Enhanced photocatalytic synthesis of H2O2 by triplet electron transfer at g-C3N4@BN van der Waals heterojunction interface

Abstract

The van der Waals heterojunctions demonstrate exceptional advantages due to their outstanding charge separation capabilities and remarkable flexibility in tuning electronic properties. This study explores the potential application of the 2D/2D g-C₃N₄@BN van der Waals heterojunction in the photocatalytic synthesis of hydrogen peroxide (H₂O₂). Based on this heterojunction, we investigated the energy transfer process between triplet excitons and singlet oxygen, emphasizing the importance of catalyst structure for charge separation and the stable generation of triplet electrons.
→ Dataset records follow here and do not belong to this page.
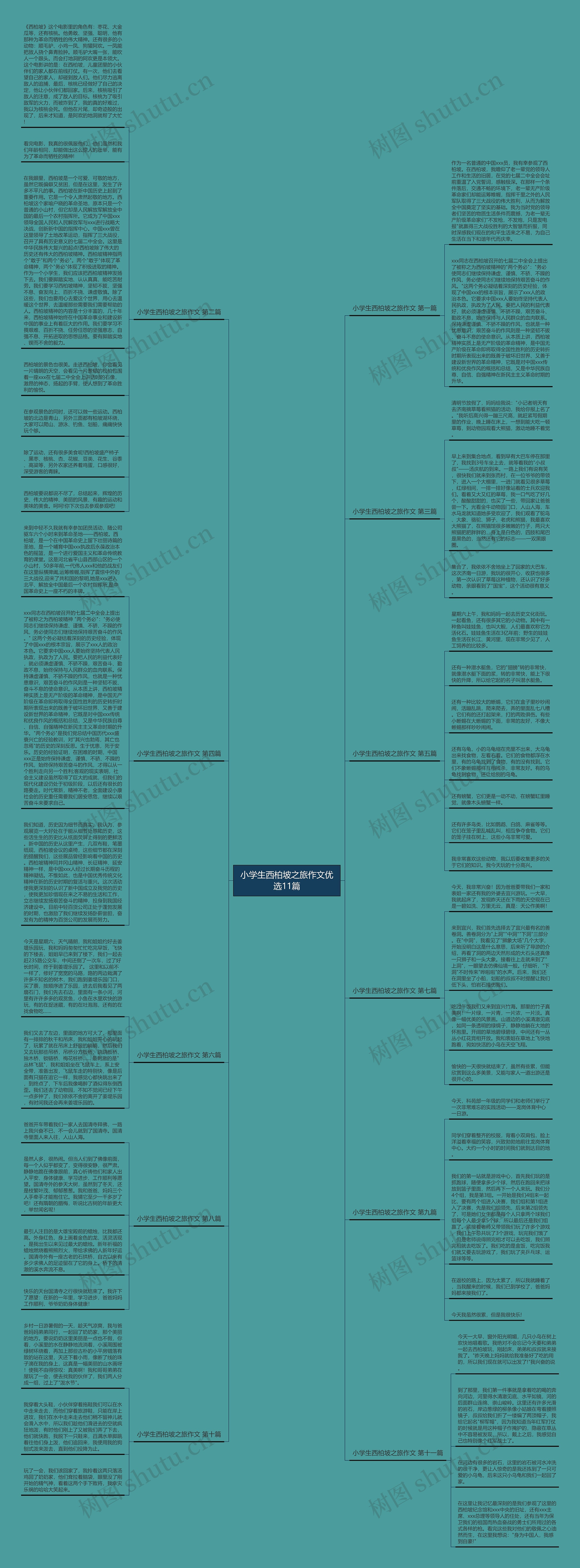 小学生西柏坡之旅作文优选11篇思维导图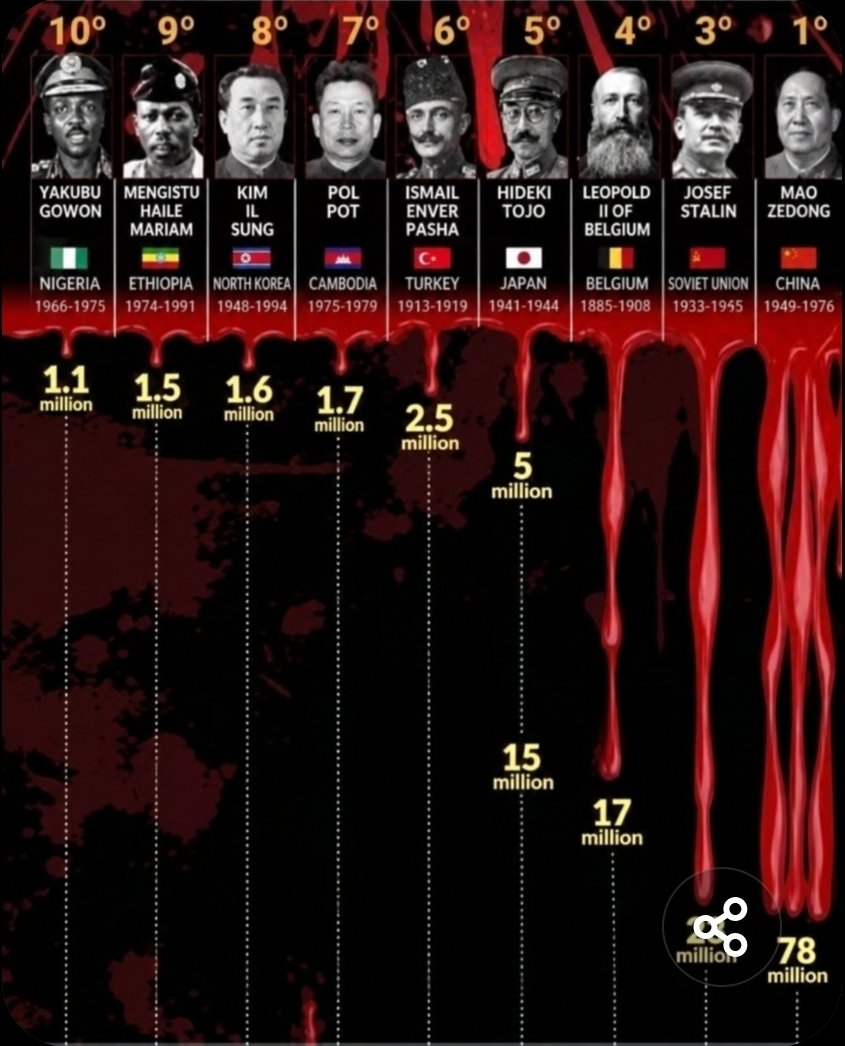 CarlosRubnRodr9's tweet photo. @djmth1010 Putin is a leftist figure who seeks to resurrect the USSR This criminal who governs according to Stalin style socialism, allies himself with other communists and terrorists disguised as Muslims to destroy Europe and the West  And Trump assists him, acting as a silent agent. https://t.co/WLbq6ljSjw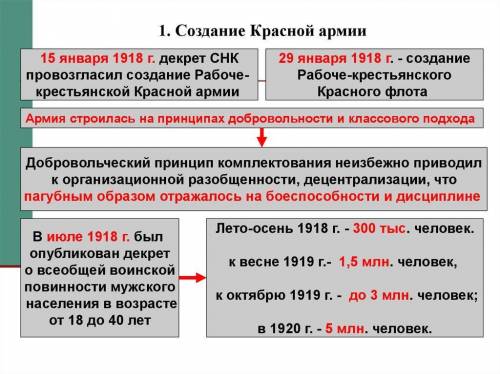 Как была сформирована Красная армия?(гражданская война)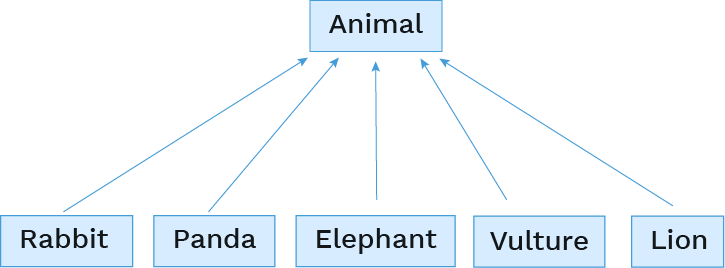 A tree diagram with Animal at the top and specific animal classes as nodes underneath it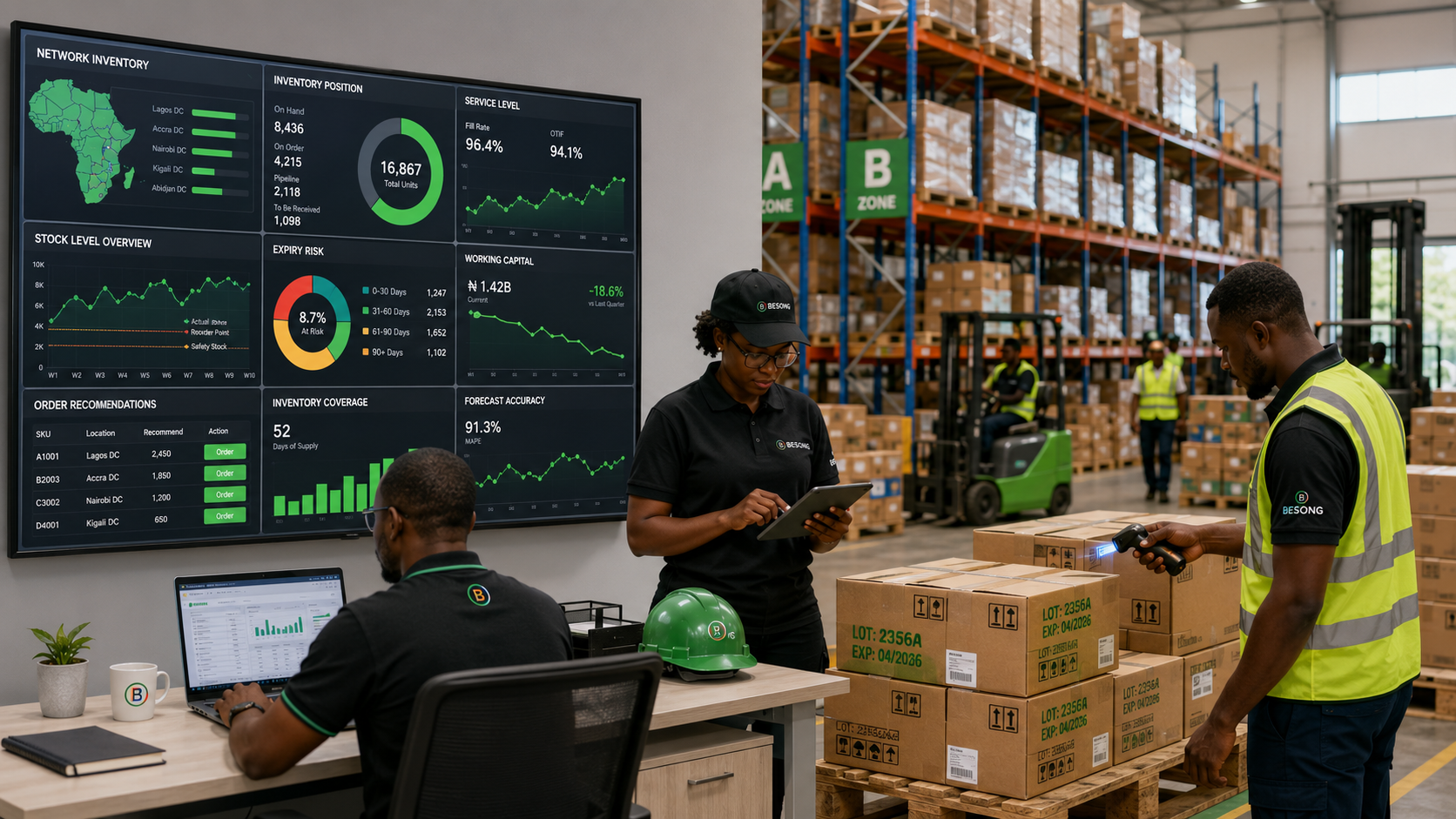 Inventory Optimization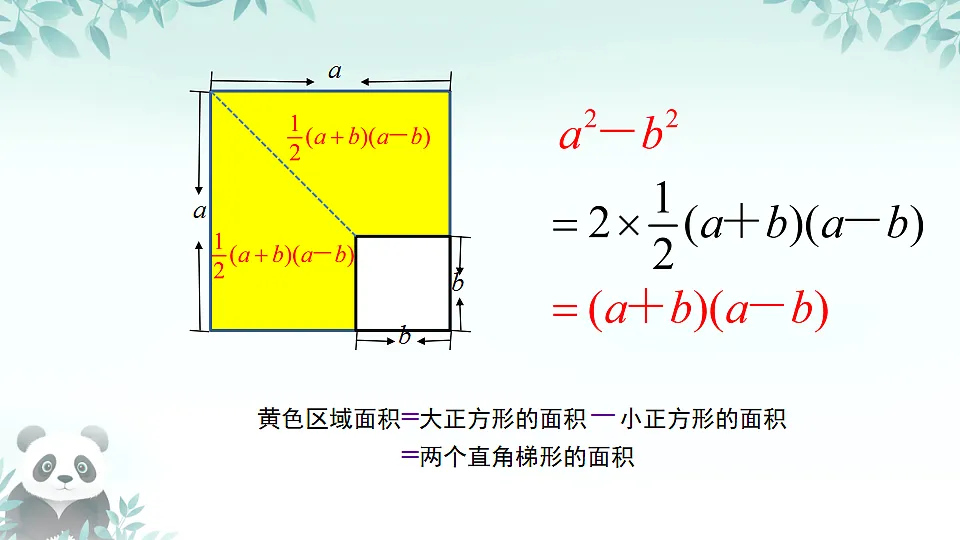 人教版初中数学八年级上册（2024）16.3.1 平方差公式 课件第8页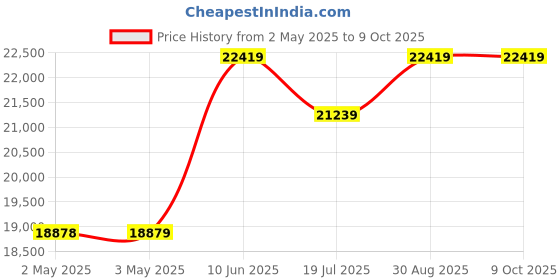 industrybuying.com Bourns ROTARY POT, 5K, 2W, SERVO MOUNT Model No - 6574S-1-502 bourns Price History Graph from 2 May 2025 to 9 Oct 2025
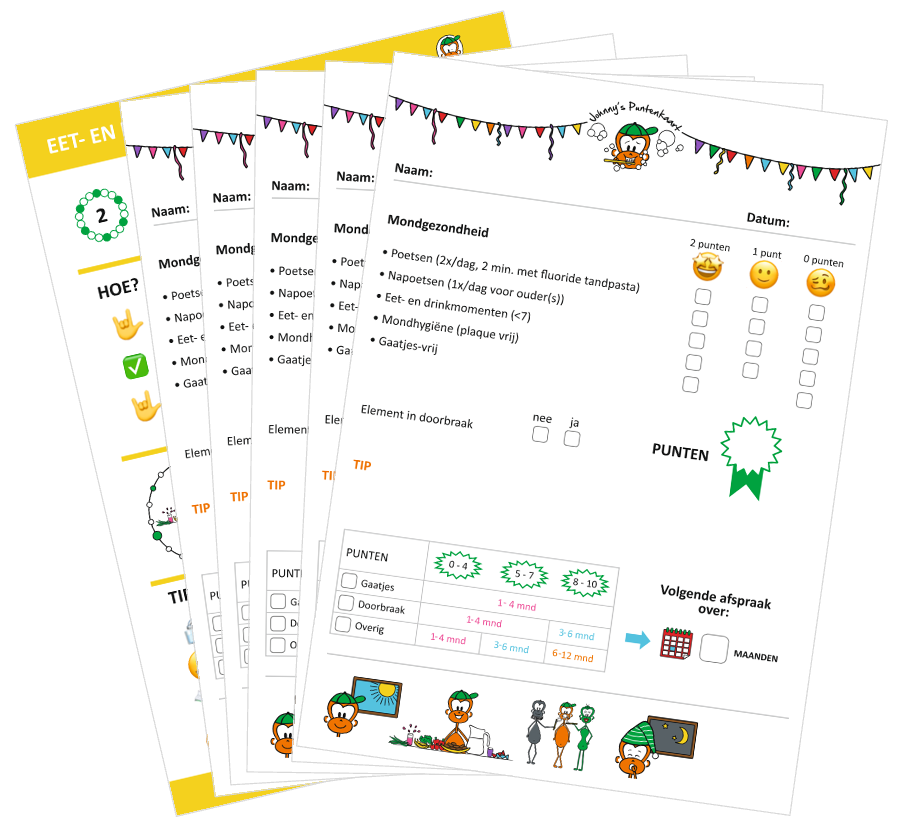 Johnny's Puntenkaart Testset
By constructing a charge transfer pathway, the built-in electric field within the heterojunction effectively drives the directional migration of charge carriers, significantly extending their lifetime. We employed two modification strategies to regulate the excited state electronic properties of the catalyst, including adjusting the interlayer arrangement to enhance charge transport capability and halogen modification to improve the light responsiveness of materials. Experimental validation indicates that the representative chlorinated-CN@BN effectively suppresses exciton recombination compared to CN, extending the lifetime of excited-state carriers by 3.52 times. Furthermore, the photocatalytic yield of H₂O₂ is improved by 2.73 times. This study provides a theoretical basis for developing novel photocatalysts and inspires the design of catalysts for direct synthesis of H₂O₂ from oxygen.